It's really not very sibling but it's kind of distantly familial. But mostly they interact as friends. Zee has been very sceptical about Alfred pretty much from the get-go. She met him probably in the early Victorian Era and Alfred interpreted her clinging to Uncle Rhys as shyness, but she was low-key cranky and not having it. It's not that she doesn't like him, because she does. Alfred's impossible not to like especially when he's being genuine. But she's not sure she trusts him. He's ambitious and cunning in that bible salesman kind of way.
But he also has had some moments where he recognizes how Europe rejects both of them for being very obviously on the edge of European hegemony. They might ride a lot of human context of whiteness but empire is a very fucked up cosmopolitan thing so "neither you nor I are entirely European. We're western states but never going to completely European and there will always be a barrier there.
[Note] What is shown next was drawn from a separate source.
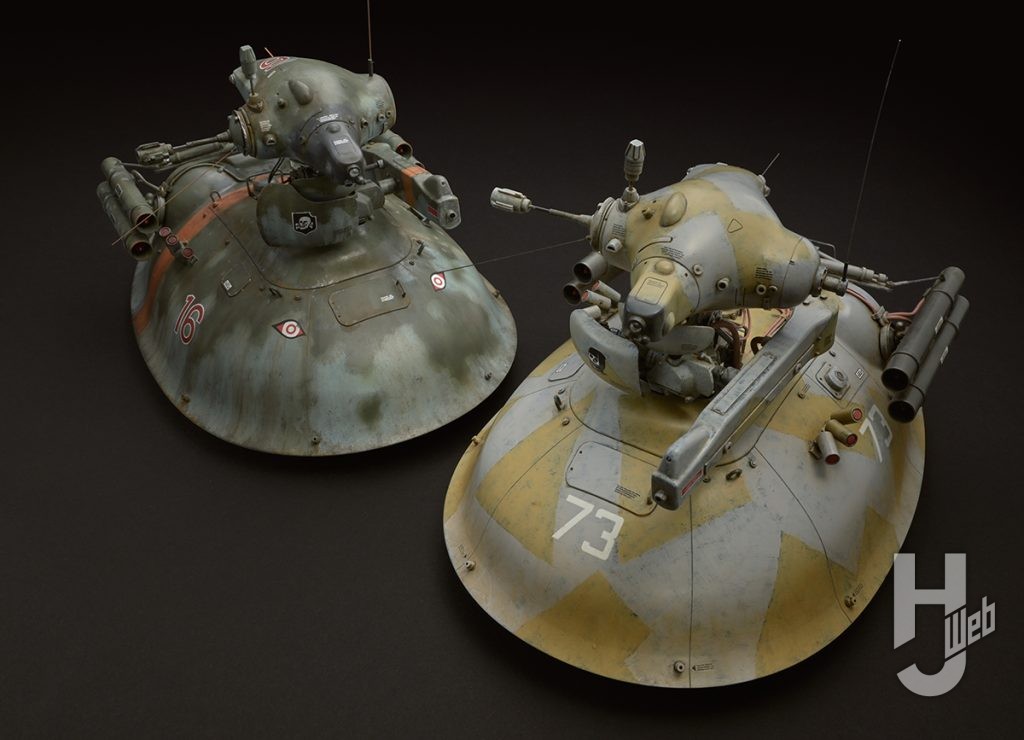 MAX渡辺製作「シュトラール軍 無人ホバー強行偵察機 シュトゥルムフォーゲル」と横山宏製作「シュトラール軍 無人ホバー強行偵察機 シュトゥルムフォーゲル」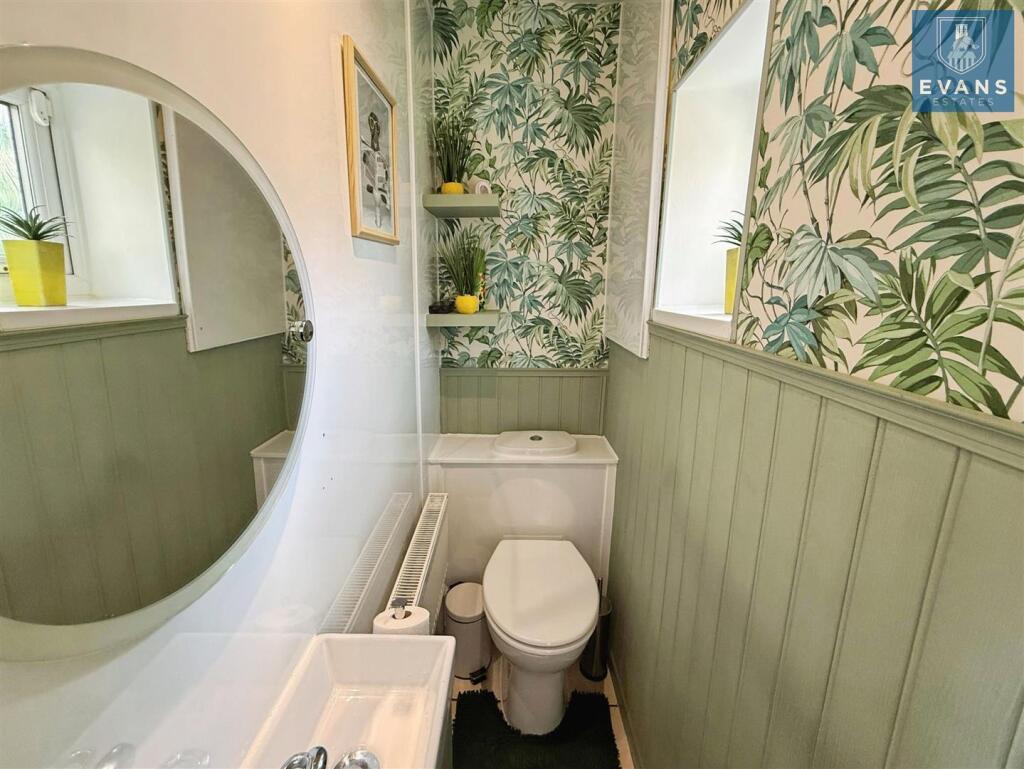 Ground Floor Cloakroom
Don't bother with them, I've already tried and pushed our limits." made for some surprising commonality with them. He's also had his head in her lap hallucinating and begging for Matt, death or Dad when he was low-key dying of malaria or dengue in the South Pacific. She also, perhaps ironically given their power differences, has given him the biggest fuck you anyone ever has by banning his ships from her ports while not only not escaping punishment but still entirely benefiting from the American security apparatus. He saves the majority of his emotional attachment for Matt but they can have a beer and go surfing without major incident. He certainly trusts her more than she trusts him but like it's just more solid than intimate.
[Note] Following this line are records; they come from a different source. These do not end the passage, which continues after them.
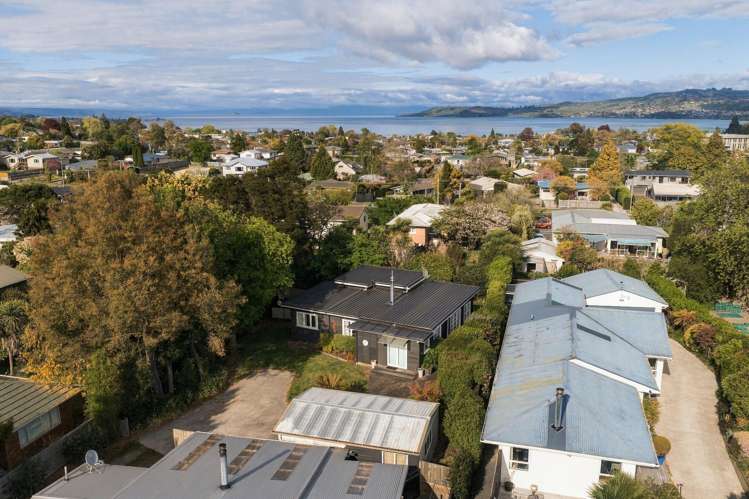 2/31 Tamatea Road Taupo_28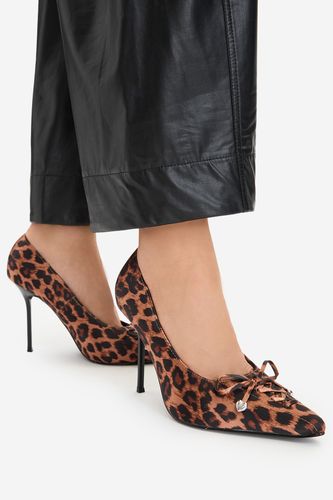Čevlji s peto JUICY COUTURE CEO-C5180-1 Rjava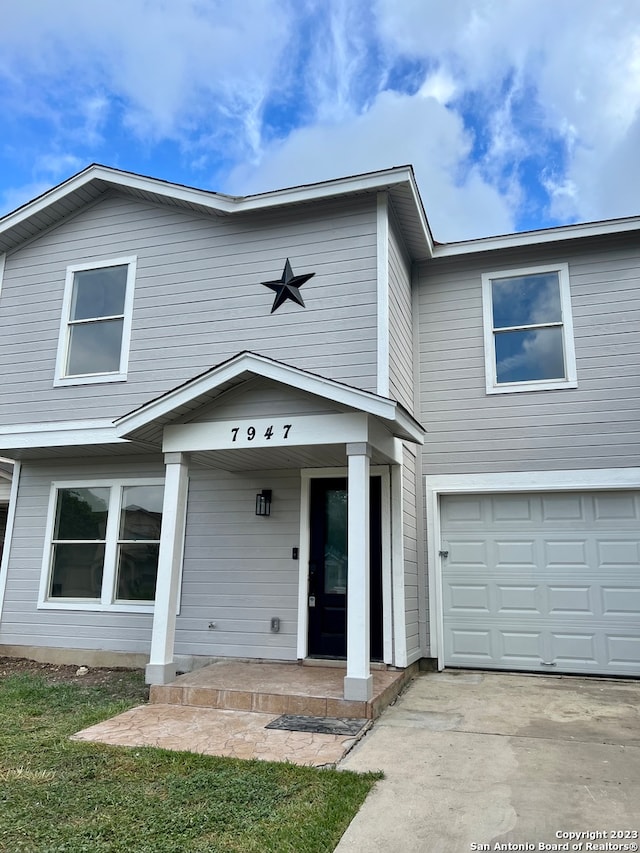 view of front of house featuring a garage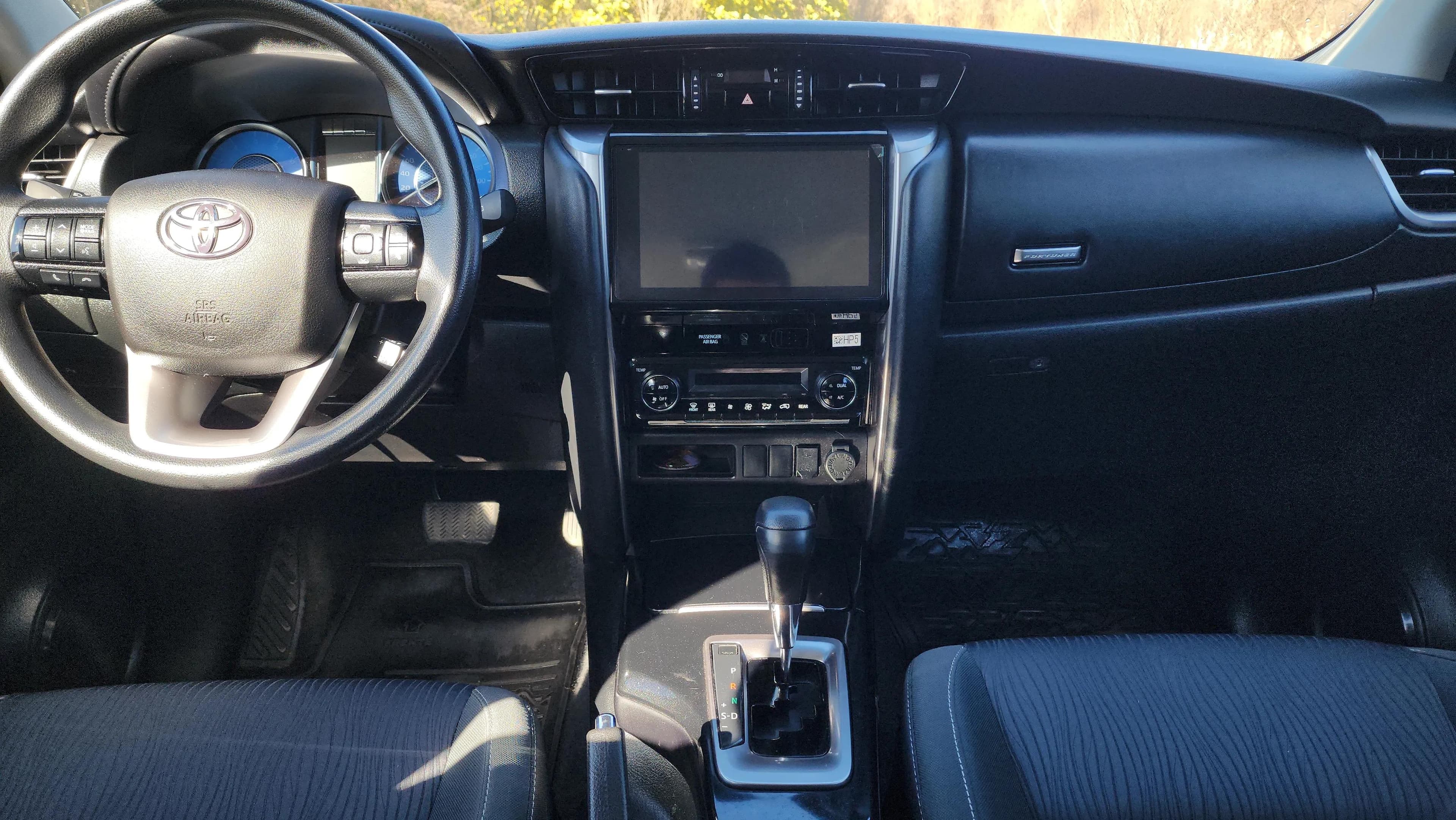 TOYOTA FORTUNER OTTO 2 - Vista 8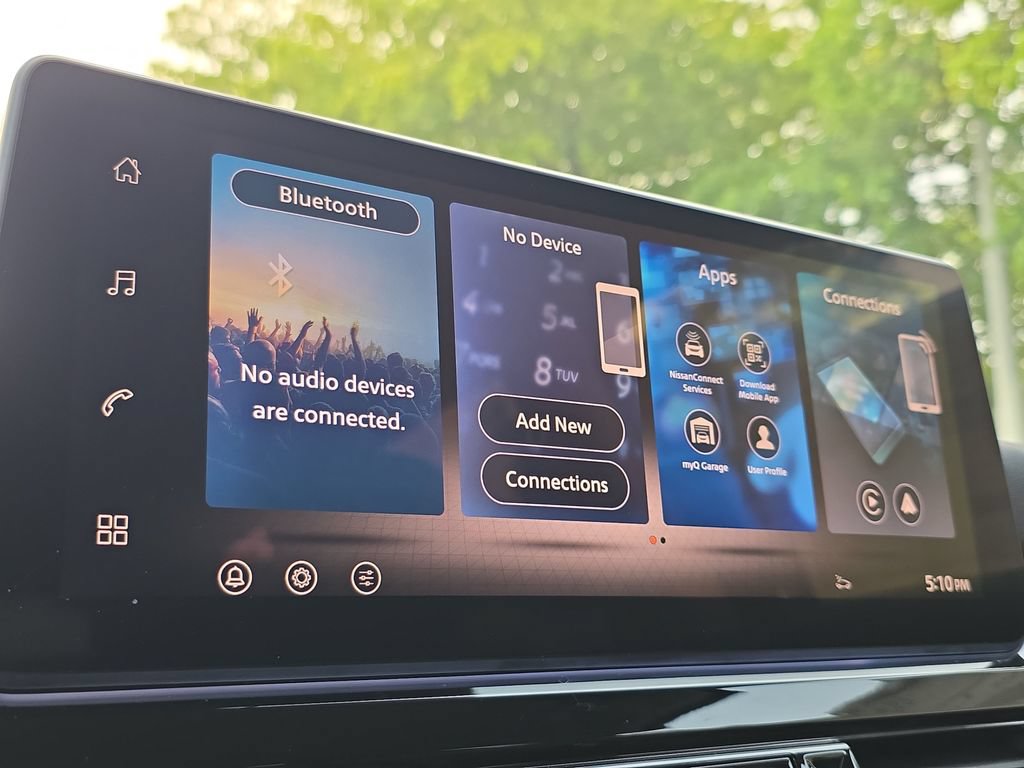 New 2026 Nissan Pathfinder SL FWD image 30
Jack's relationship with Alfred is both more and less fraught. Mostly because of gender. Zee has it harder in a lot of ways being afab and feminine presenting most of the time but that's also made her less concerned about masculinity. Especially the sword clashing virility-as-nationalism they came of age in. The stolid, stoic, takes-his-lashes-silently ideal of British manhood that Jack does not suit. He looks at Arthur and he looks at Matt and he doesn't want to be them. His father's rage, Matthew's senseless martyrdom. He wants that respect, the warriors right to respect as it is. But he looks across the Pacific in the late 19th century and early 20th and Alfred is bright, forward-looking friendly and progressive. He has a navy. He has respect. He has a battle scars waged in the name of glamorous things like freedom and democracy and equality. That's an example of masculinity he likes. Alfred standing on the flag ship's prow, at the head of the Great White Fleet announcing him as the next great power kind of beat Jack over the head with a 'oh I'm a baby I need to grow up and get a navy and be a man and earn respect.' And he does pursue those goals and something of Alfred's version of great power projection. But its also not long before Alfred scares the shit out of him too. The costs of his father' ambitions have always been visible but when Alfred's are revealed to Jack they're shocking and frightening. He doesn't want to be his father and he doesn't want to be Alfred. But sometimes, the blunt imperialism of his father is a little easier to handle than the way Alfred operates as an empire of militant idealism. So while he and Alfred appear to get along very well on the surface, and work together very well while they're at it, there's very fundamental differences to who they are and that keeps them friends, not family.